SUPPLIED INFORMATION
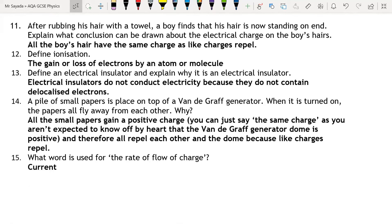In this video we've looked at static electricity — how it builds up due to friction and electrons moving from one material to another, leaving the material that lost electrons with a positive charge and the material that gained electrons with a negative charge. We've looked at how like charges repel and opposite charges attract, and various phenomena due to static electricity such as electric shocks, sparks, hair standing on end, neutral objects being attracted to charged objects, and the Van de Graaff generator.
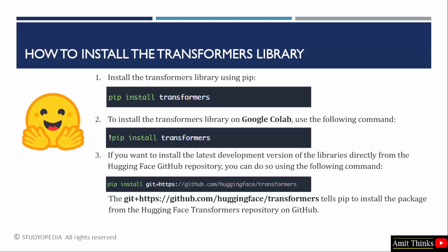In this lesson, we saw what is the transformers library. We also saw why it is so popular. We also saw some use cases and how to install it.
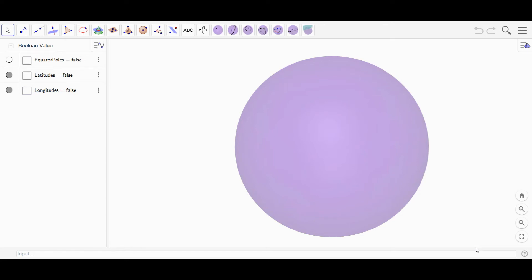Hello, this is Jack Jackson. In this video, I'm going to introduce to you a spherical geometry toolkit or environment that I have created in GeoGebra.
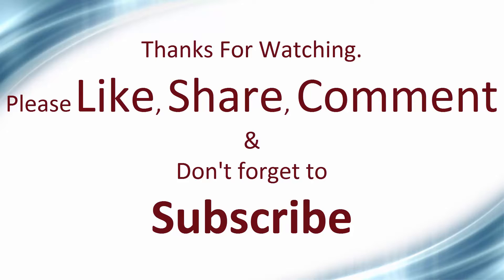If you like this video, press the like button and don't forget to subscribe to my YouTube channel. Thank you.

ACTIVITY
Would you copy out all the data exactly, without the images?

TASK OUTPUT
In this video we've looked at static electricity — how it builds up due to friction and electrons moving from one material to another, leaving the material that lost electrons with a positive charge and the material that gained electrons with a negative charge. We've looked at how like charges repel and opposite charges attract, and various phenomena due to static electricity such as electric shocks, sparks, hair standing on end, neutral objects being attracted to charged objects, and the Van de Graaff generator.
In this lesson, we saw what is the transformers library. We also saw why it is so popular. We also saw some use cases and how to install it.
Hello, this is Jack Jackson. In this video, I'm going to introduce to you a spherical geometry toolkit or environment that I have created in GeoGebra.
If you like this video, press the like button and don't forget to subscribe to my YouTube channel. Thank you.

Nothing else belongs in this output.